INFORMATION PROVIDED -
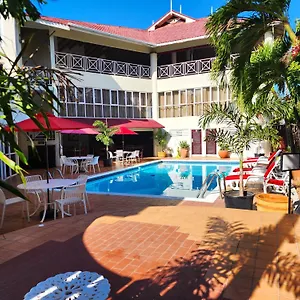 Hotel Altamont Court
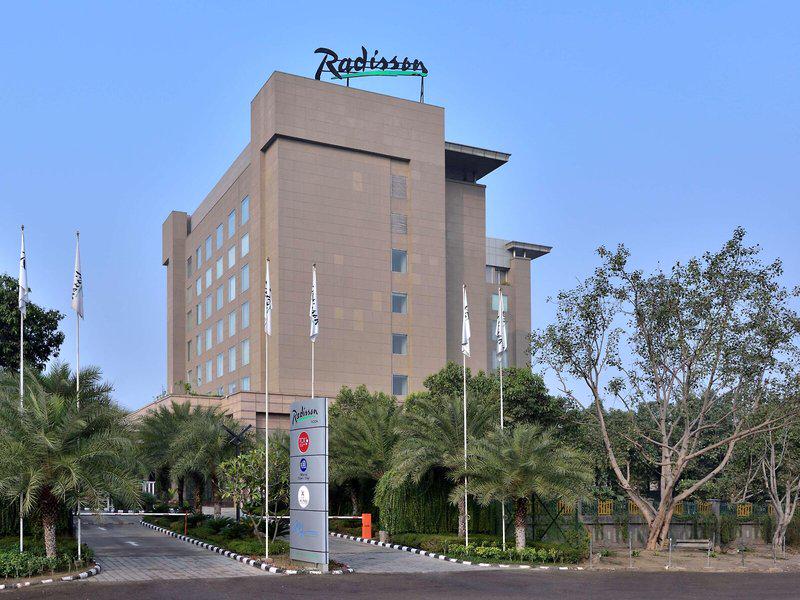 ABA219478F0DE4A5F7F2DB8B789AD171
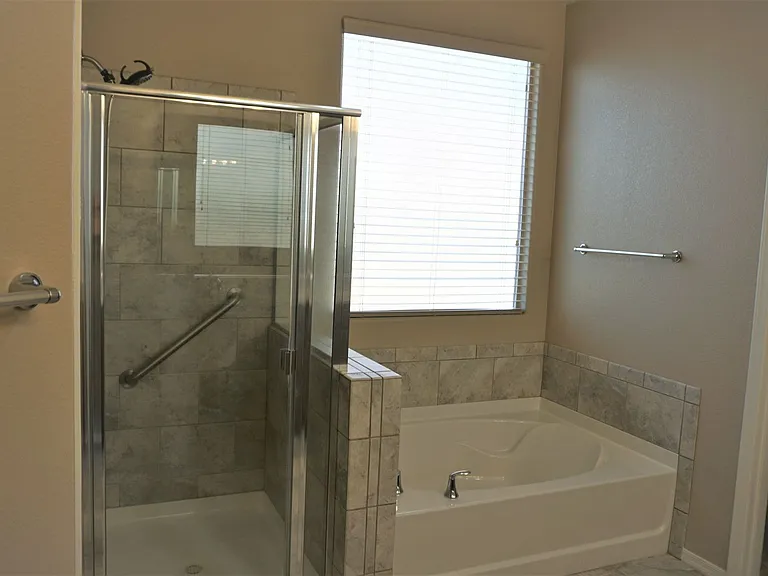1858 Prairie Grass Dr — Photo 22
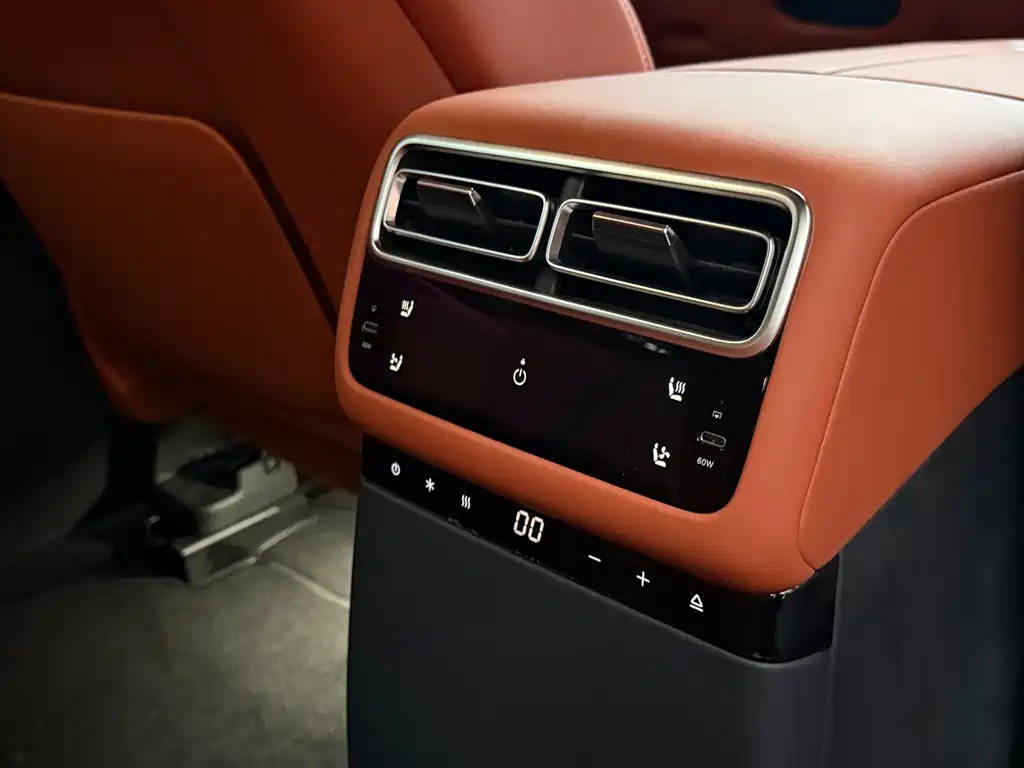 Li Auto Li L7 — миниатюра 6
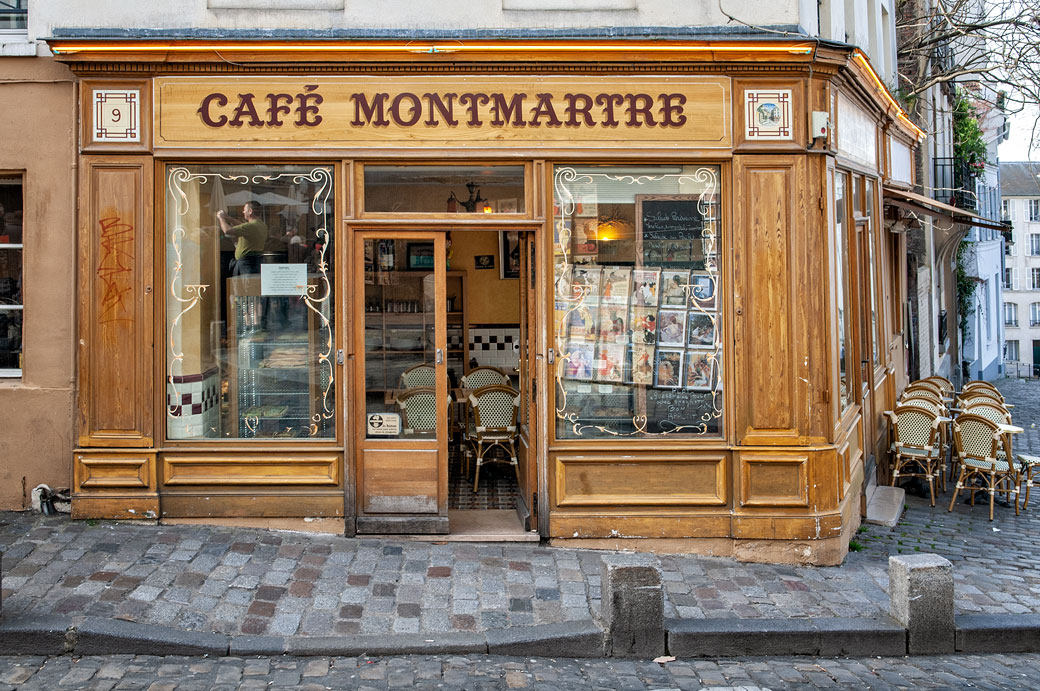 Café Montmartre à Paris, France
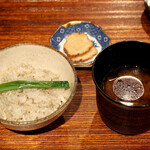 薪鳥新神戸 - 薪そぼろご飯 + 韮 & 味噌汁 & いぶりがっこ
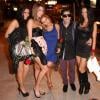 Corey Feldman entouré de jeunes femmes à West Hollywood, le 12 mars 2013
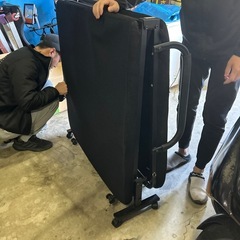 折りたたみベッドの画像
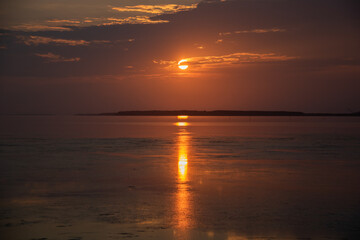 湖に沈む綺麗な夕陽
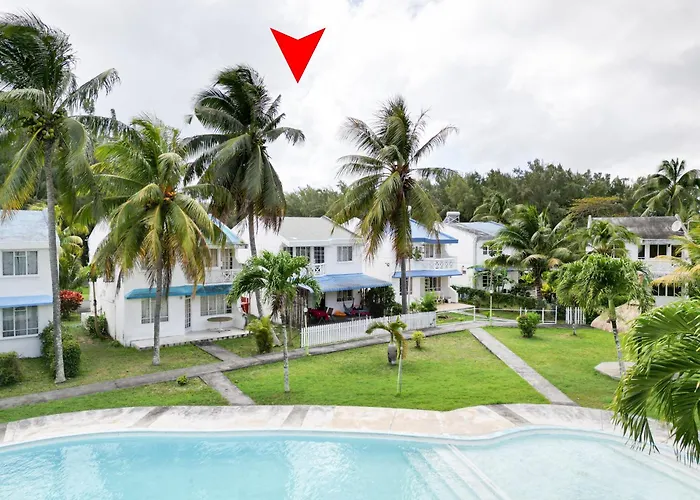 Beachfront Villa Near Mont Choisy Beach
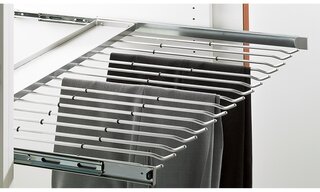 Ausziehbarer Hosenhalter HETTICH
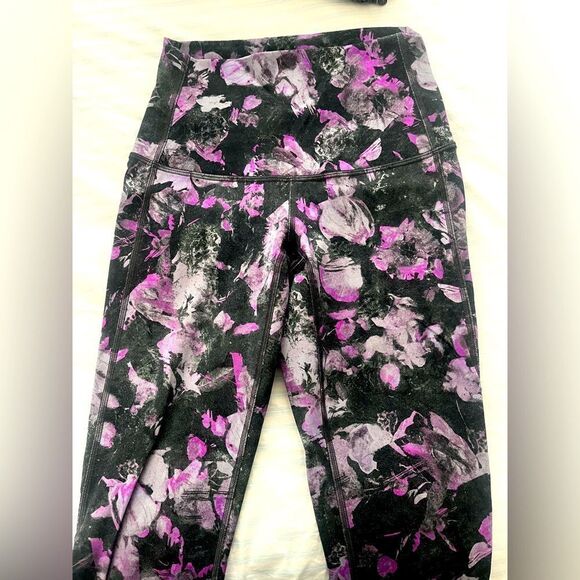 Lululemon Wunder
Under High-Rise Crop floral leggings; Size 2 - Picture 6 of 8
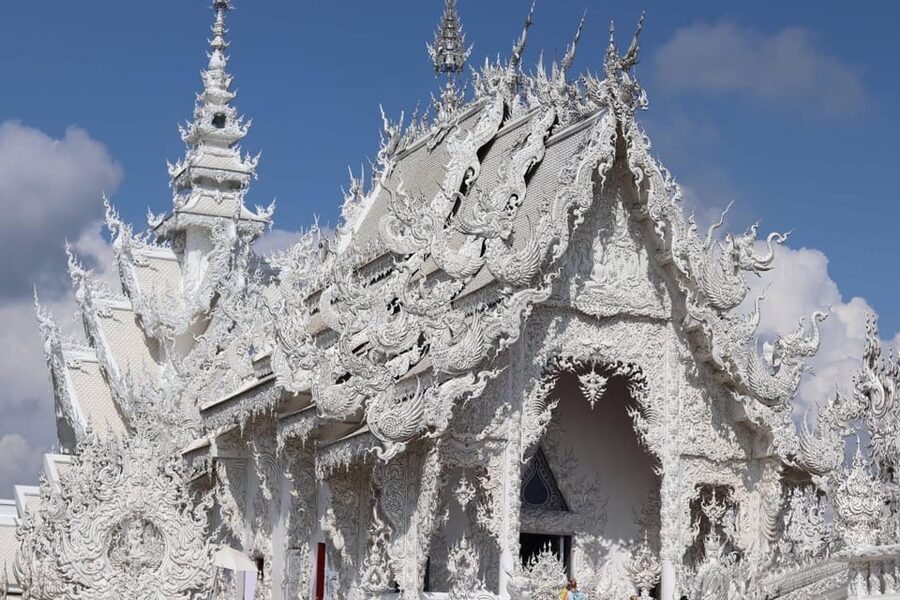 From Chiang Mai: Day Trip Chiang Rai White, Blue, Red Temple - Who should book this trip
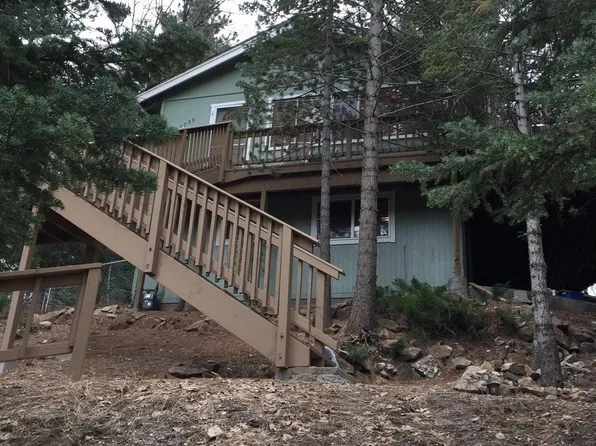 2759 Preston Dr, Running Springs, CA 92382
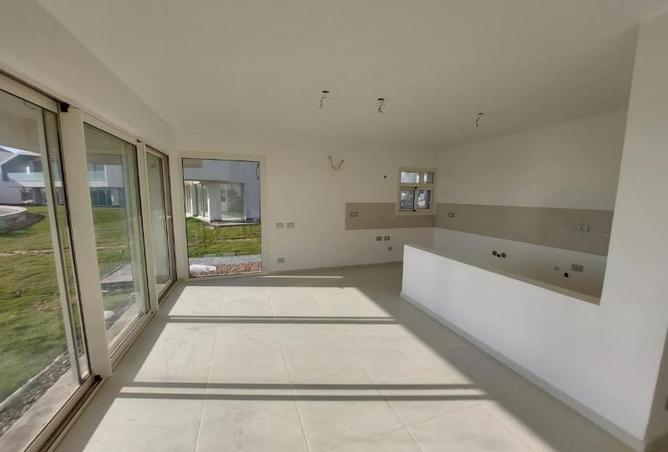 8450210 - Property Image 3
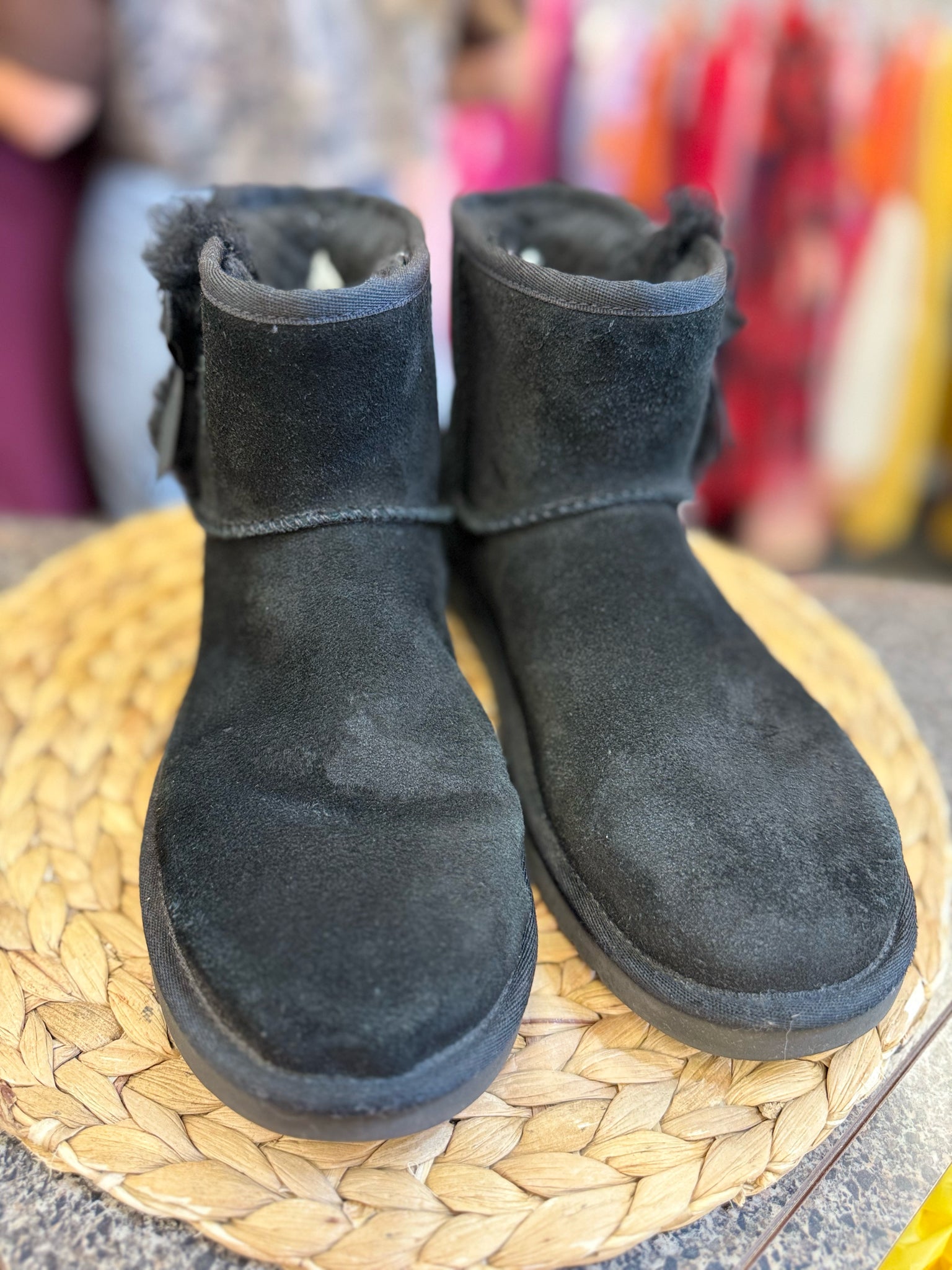 Pre-owned UGG Black Size 9 Designer Bootie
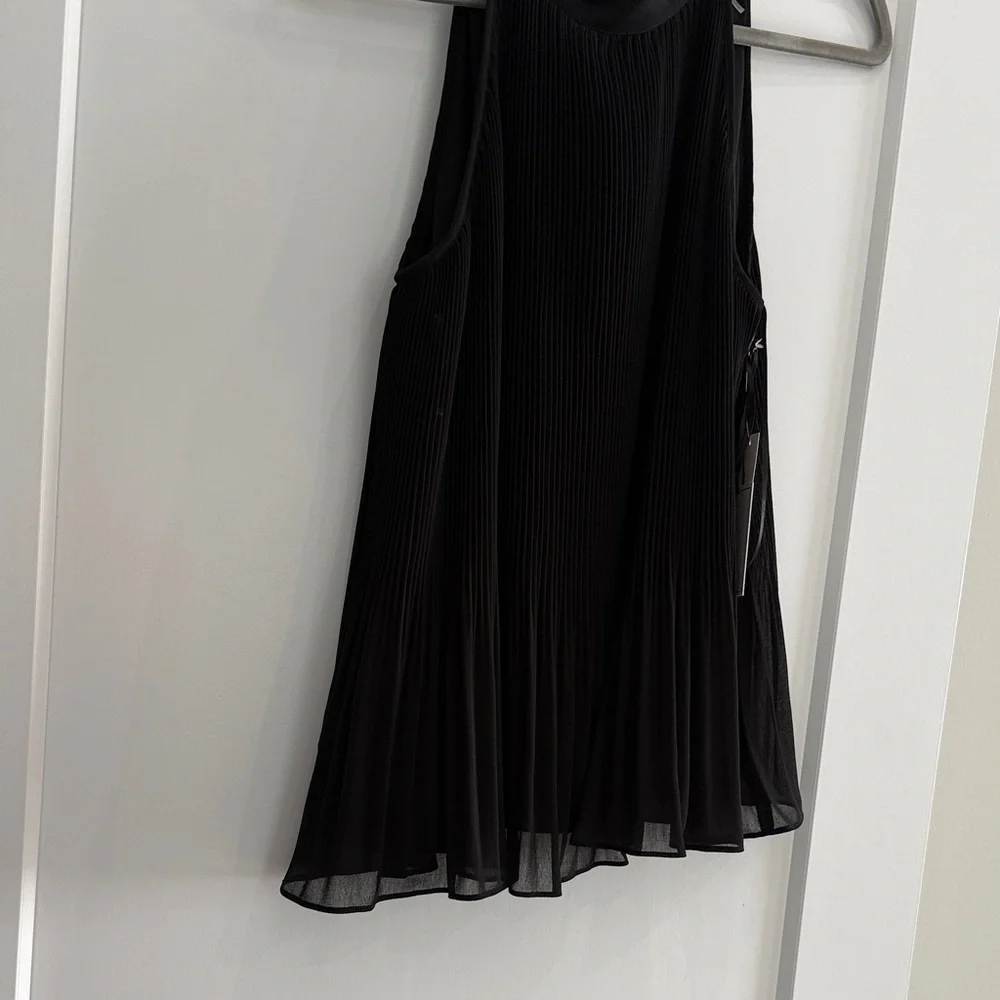 Chic Black Sleeveless Tank Top - Picture 5 of 7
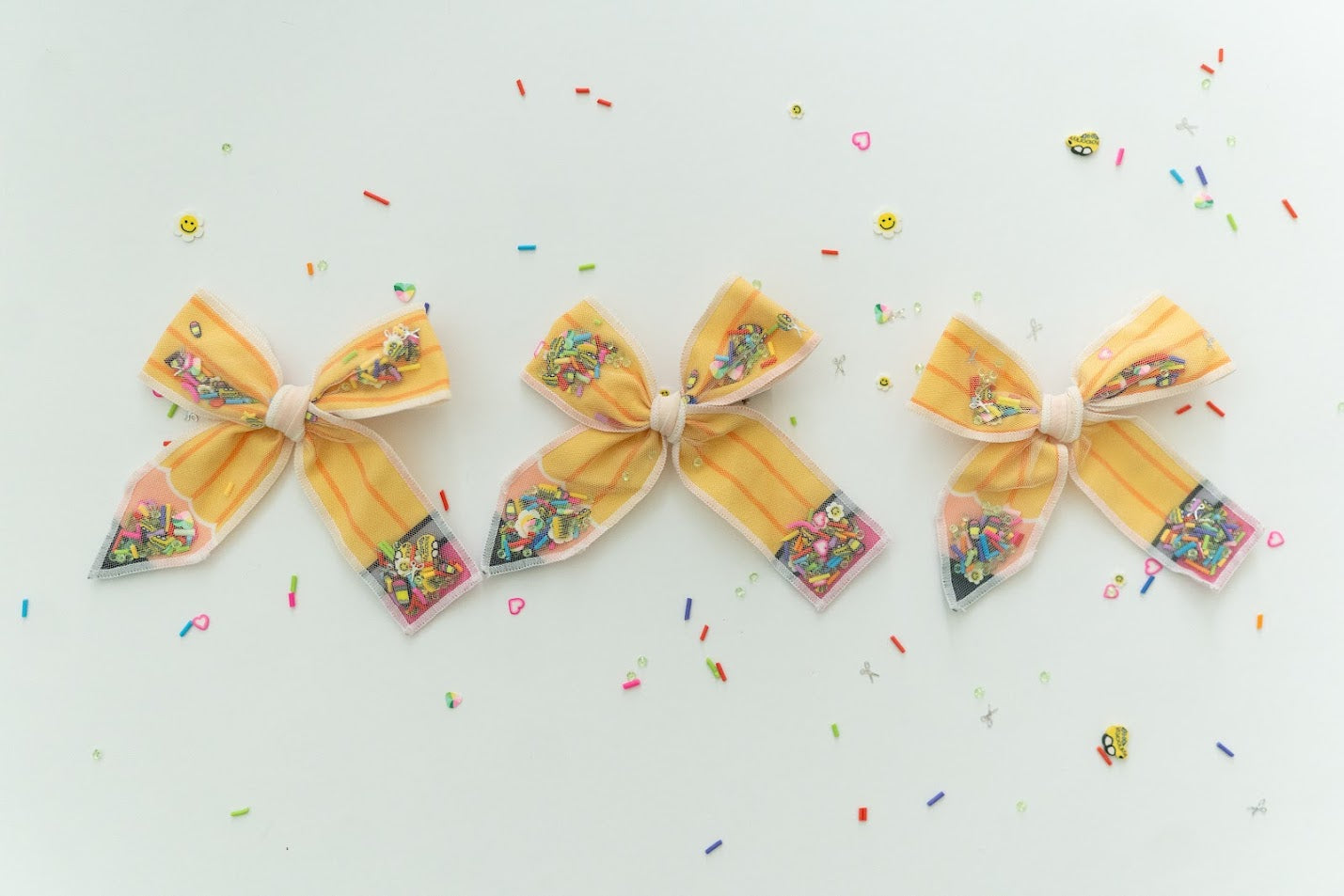 Mesh Shaker Hair Bow - Classroom Cutie
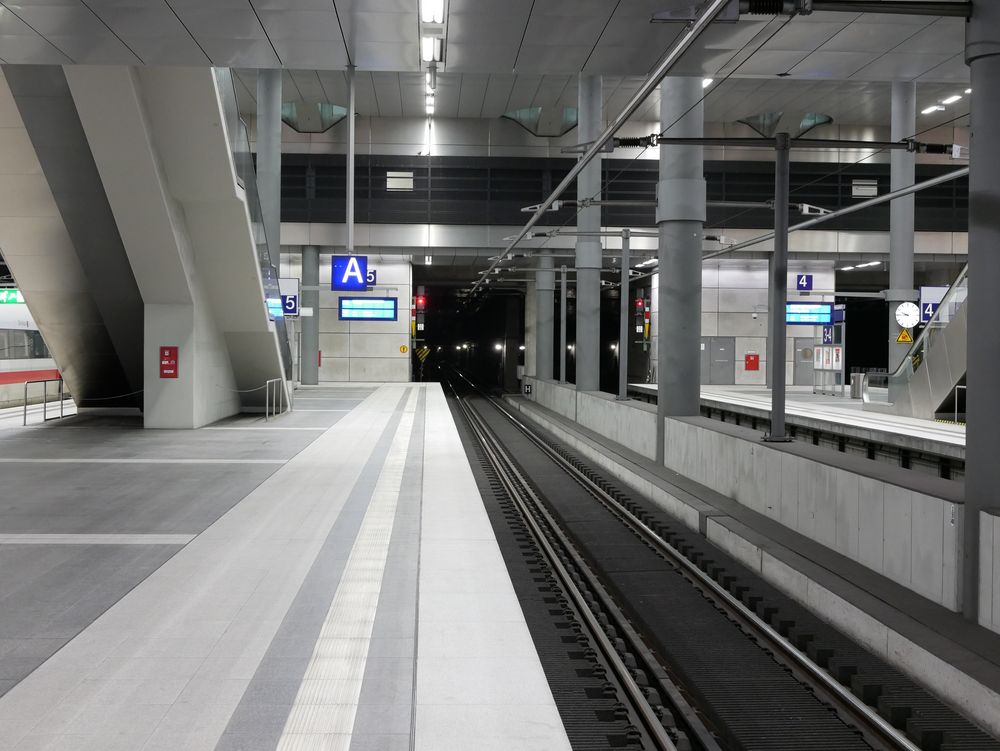 Berlin Hauptbahnhof, Gleis 2 Foto & Bild city, architektur, deutschland Bilder auf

TASK TO COMPLETE - None of the pictures belong in the result. Print exactly the lines from the one containing "2759 Preston Dr, Running Springs, CA 92382" through the final line of the entries.

SOLUTION BELOW -
 2759 Preston Dr, Running Springs, CA 92382
 8450210 - Property Image 3
 Pre-owned UGG Black Size 9 Designer Bootie
 Chic Black Sleeveless Tank Top - Picture 5 of 7
 Mesh Shaker Hair Bow - Classroom Cutie
 Berlin Hauptbahnhof, Gleis 2 Foto & Bild city, architektur, deutschland Bilder auf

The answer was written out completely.